Kulgar
Kulgar

Reputation: 1865

Ruby - how to encode URL without re-encoding already encoded characters

I have a simple problem: users can post urls through specific input in a form in my website. I would like to encode the posted url, because sometimes users send urls with strange and/or non ascii characters (like é à ç...). For instance: https://www.example.com/url-déjà-vu

So I tried to use URI.escape('https://www.example.com/url-déjà-vu') which does work, but then if you have the following url: URI.escape('https://somesite.com/page?stuff=stuff&%20') you get: => "https://somesite.com/page?stuff=stuff&%2520"

The % character is encoded and should not be as %20 is already an encoded character. Then I thought I could do this:

URI.escape(URI.decode('https://somesite.com/page?stuff=stuff&%20'))
=> "https://somesite.com/page?stuff=stuff&%20"

But there is a problem if you have a "/" encoded in your url, for instance:

URI.escape(URI.decode('http://example.com/a%2fb'))
=> "http://example.com/a/b"

The "/" should stay encoded.

So... putting it all together: I want to encode urls posted by users but leaving already encoded characters unchanged in ruby. Any idea how I may do that without getting an headache?

Thanks :)

Upvotes: 4

Views: 2804

Answers (1)

Jordan Running
Jordan Running

Reputation: 106027

I can't think of a way to do this that isn't a little bit of a kludge. So I propose a little bit of a kludge.

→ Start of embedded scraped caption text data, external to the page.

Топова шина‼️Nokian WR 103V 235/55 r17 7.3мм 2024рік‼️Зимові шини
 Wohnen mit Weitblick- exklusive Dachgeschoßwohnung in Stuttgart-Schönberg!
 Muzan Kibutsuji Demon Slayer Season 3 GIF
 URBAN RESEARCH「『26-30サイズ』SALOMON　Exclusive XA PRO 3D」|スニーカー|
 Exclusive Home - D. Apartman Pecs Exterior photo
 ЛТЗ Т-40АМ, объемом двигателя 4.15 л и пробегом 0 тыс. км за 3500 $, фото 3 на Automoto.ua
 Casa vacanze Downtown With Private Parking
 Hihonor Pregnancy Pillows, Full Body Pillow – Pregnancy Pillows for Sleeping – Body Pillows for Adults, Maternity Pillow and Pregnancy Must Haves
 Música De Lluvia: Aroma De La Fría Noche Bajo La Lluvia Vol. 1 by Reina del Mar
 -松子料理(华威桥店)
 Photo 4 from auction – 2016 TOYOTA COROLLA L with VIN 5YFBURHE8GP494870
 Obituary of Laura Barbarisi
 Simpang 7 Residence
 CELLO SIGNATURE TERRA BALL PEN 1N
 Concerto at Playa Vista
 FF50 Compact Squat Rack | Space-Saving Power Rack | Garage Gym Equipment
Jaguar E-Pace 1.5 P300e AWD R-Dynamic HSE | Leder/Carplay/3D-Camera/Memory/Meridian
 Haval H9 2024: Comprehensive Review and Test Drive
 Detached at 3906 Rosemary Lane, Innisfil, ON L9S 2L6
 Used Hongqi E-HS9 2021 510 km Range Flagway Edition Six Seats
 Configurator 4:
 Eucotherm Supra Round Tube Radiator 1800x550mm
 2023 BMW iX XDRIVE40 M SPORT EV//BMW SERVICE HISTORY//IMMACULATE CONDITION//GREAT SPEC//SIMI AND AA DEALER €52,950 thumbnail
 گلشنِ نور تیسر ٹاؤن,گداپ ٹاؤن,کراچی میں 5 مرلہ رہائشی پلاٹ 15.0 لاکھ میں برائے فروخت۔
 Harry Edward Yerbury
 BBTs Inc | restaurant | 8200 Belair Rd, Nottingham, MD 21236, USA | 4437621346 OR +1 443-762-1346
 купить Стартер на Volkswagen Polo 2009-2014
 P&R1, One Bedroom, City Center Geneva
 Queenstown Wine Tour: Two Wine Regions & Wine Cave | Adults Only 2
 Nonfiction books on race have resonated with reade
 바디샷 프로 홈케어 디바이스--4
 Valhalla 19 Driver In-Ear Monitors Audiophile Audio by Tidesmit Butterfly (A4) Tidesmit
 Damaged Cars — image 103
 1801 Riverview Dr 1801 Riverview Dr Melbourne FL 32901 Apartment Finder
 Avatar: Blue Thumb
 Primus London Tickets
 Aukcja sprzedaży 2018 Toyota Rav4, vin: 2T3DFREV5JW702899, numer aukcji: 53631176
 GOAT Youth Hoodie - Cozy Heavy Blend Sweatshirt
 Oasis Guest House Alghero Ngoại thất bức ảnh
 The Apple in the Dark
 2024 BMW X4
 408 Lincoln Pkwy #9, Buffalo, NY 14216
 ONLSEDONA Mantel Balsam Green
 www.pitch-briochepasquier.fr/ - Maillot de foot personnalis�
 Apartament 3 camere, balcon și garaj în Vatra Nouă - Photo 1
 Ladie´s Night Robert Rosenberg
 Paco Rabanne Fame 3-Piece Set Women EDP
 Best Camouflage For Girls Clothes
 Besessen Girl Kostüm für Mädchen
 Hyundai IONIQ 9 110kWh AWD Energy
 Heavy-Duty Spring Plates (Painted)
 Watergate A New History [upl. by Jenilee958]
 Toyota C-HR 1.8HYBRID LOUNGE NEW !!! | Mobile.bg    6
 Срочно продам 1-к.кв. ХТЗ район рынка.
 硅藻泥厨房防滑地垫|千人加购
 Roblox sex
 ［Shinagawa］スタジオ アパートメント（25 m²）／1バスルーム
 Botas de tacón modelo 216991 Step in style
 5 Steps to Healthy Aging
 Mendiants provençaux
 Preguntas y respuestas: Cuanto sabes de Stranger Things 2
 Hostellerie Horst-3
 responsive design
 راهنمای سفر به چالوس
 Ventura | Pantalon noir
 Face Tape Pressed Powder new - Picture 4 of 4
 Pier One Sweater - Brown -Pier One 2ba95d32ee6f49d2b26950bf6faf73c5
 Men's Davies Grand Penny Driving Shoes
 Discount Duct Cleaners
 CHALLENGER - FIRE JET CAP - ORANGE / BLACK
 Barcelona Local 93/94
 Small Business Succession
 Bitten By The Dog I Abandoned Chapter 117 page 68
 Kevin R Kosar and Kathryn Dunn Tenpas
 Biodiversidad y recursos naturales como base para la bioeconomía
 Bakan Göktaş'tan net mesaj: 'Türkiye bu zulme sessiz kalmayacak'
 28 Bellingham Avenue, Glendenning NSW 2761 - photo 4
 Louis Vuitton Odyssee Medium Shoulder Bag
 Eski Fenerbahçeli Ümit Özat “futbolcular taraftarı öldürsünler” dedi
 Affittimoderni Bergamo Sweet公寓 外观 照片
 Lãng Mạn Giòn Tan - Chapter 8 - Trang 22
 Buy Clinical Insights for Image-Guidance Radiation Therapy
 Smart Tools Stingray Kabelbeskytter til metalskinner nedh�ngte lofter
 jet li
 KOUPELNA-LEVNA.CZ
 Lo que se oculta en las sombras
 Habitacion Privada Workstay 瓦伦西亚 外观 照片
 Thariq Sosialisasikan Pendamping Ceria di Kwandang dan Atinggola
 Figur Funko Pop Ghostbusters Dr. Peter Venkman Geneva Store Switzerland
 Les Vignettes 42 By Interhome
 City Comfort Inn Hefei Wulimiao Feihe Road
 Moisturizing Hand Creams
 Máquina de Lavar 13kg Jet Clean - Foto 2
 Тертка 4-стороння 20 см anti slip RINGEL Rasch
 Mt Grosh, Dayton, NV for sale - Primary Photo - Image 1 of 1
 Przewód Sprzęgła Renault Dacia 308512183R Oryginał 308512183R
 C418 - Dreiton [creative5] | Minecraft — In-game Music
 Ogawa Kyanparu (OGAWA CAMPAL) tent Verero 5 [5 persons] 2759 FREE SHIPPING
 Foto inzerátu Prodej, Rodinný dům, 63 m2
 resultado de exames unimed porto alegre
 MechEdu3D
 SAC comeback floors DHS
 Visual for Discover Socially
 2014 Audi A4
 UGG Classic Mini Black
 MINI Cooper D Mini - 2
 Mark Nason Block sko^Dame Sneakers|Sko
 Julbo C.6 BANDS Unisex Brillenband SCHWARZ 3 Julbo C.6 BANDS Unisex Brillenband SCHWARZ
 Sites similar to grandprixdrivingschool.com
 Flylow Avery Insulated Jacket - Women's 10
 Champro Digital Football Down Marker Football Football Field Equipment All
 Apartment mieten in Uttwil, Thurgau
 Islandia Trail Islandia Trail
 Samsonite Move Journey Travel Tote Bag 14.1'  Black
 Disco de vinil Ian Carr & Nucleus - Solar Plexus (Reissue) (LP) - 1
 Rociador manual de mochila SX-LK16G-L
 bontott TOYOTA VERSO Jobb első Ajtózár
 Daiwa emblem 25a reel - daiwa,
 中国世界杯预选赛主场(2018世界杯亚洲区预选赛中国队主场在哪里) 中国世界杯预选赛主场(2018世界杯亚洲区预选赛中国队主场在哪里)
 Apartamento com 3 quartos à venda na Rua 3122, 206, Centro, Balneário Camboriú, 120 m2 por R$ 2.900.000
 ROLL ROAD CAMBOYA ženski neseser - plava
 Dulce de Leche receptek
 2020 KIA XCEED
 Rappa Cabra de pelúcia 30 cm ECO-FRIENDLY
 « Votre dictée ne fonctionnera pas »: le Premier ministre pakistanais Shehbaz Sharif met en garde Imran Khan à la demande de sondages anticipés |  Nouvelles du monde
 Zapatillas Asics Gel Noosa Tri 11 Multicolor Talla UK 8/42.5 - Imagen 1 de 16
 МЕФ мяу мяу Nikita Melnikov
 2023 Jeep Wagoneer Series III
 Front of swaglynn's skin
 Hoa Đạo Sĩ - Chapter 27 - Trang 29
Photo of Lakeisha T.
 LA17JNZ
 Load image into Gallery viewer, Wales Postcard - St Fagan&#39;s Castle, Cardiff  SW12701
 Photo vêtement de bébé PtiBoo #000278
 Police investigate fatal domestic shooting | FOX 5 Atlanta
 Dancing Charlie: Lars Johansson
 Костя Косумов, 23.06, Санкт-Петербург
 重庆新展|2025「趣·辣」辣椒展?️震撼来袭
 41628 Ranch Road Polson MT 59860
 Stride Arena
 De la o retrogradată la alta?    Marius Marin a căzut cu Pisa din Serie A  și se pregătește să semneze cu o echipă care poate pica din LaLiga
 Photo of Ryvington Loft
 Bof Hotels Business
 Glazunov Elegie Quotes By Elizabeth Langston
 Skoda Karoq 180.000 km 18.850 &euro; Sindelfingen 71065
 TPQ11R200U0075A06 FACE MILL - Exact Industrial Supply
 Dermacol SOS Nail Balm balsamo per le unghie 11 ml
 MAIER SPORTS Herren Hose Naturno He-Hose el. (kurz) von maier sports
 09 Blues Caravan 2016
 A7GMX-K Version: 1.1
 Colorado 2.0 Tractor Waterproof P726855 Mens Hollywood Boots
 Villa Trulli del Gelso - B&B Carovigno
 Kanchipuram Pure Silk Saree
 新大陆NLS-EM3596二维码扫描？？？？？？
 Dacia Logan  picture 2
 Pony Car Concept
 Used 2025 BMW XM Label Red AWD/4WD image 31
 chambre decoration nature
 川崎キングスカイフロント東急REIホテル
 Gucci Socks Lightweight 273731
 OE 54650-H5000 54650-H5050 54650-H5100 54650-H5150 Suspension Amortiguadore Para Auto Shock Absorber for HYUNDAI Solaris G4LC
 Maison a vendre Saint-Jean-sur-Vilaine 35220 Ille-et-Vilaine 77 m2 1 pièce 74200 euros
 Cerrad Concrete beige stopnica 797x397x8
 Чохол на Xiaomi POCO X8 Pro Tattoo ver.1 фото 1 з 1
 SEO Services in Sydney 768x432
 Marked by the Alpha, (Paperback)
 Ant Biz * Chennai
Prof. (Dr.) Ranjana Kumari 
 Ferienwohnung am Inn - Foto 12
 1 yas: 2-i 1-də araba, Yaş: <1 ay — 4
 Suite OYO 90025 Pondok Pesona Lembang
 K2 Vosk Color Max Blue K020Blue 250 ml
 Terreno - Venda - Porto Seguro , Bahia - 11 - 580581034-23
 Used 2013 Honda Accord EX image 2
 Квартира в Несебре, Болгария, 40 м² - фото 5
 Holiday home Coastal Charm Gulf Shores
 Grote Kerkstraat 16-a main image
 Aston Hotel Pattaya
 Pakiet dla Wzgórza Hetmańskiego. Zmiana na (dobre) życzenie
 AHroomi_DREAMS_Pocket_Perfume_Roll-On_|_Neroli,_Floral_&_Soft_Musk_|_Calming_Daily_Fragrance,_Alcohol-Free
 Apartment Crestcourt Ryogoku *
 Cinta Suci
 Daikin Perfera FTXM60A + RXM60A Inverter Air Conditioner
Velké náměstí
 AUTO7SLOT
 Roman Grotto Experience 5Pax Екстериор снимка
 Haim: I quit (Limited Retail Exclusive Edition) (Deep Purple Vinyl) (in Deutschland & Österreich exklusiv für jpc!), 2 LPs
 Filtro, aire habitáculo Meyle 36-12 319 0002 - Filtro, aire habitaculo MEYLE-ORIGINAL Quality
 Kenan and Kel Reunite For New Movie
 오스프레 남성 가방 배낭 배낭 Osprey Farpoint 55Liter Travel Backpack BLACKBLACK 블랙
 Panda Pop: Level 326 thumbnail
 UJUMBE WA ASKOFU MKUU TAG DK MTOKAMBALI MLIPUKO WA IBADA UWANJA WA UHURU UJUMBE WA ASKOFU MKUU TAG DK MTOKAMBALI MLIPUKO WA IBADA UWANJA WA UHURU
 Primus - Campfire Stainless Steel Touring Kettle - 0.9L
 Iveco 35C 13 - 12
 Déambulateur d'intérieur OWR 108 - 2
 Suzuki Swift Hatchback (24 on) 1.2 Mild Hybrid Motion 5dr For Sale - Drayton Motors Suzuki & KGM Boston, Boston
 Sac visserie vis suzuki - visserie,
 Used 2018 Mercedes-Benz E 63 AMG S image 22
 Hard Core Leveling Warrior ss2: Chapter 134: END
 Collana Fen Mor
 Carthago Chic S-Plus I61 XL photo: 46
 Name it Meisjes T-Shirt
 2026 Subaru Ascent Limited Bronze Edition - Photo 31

URI.escape appears to work the way you want in all cases except when characters are already encoded. With that in mind we can take the result of URI.encode and use String#gsub to "un-encode" only those characters.

The below regular expression looks for %25 (an encoded %) followed by two hex digits, turning e.g. %252f back into %2f:

require "uri"

DOUBLE_ESCAPED_EXPR = /%25([0-9a-f]{2})/i

def escape_uri(uri)
  URI.encode(uri).gsub(DOUBLE_ESCAPED_EXPR, '%\1')
end

puts escape_uri("https://www.example.com/url-déjà-vu")
# => https://www.example.com/url-d%C3%A9j%C3%A0-vu

puts escape_uri("https://somesite.com/page?stuff=stuff&%20")
# => https://somesite.com/page?stuff=stuff&%20

puts escape_uri("http://example.com/a%2fb")
# => http://example.com/a%2fb

I don't promise that this is foolproof, but hopefully it helps.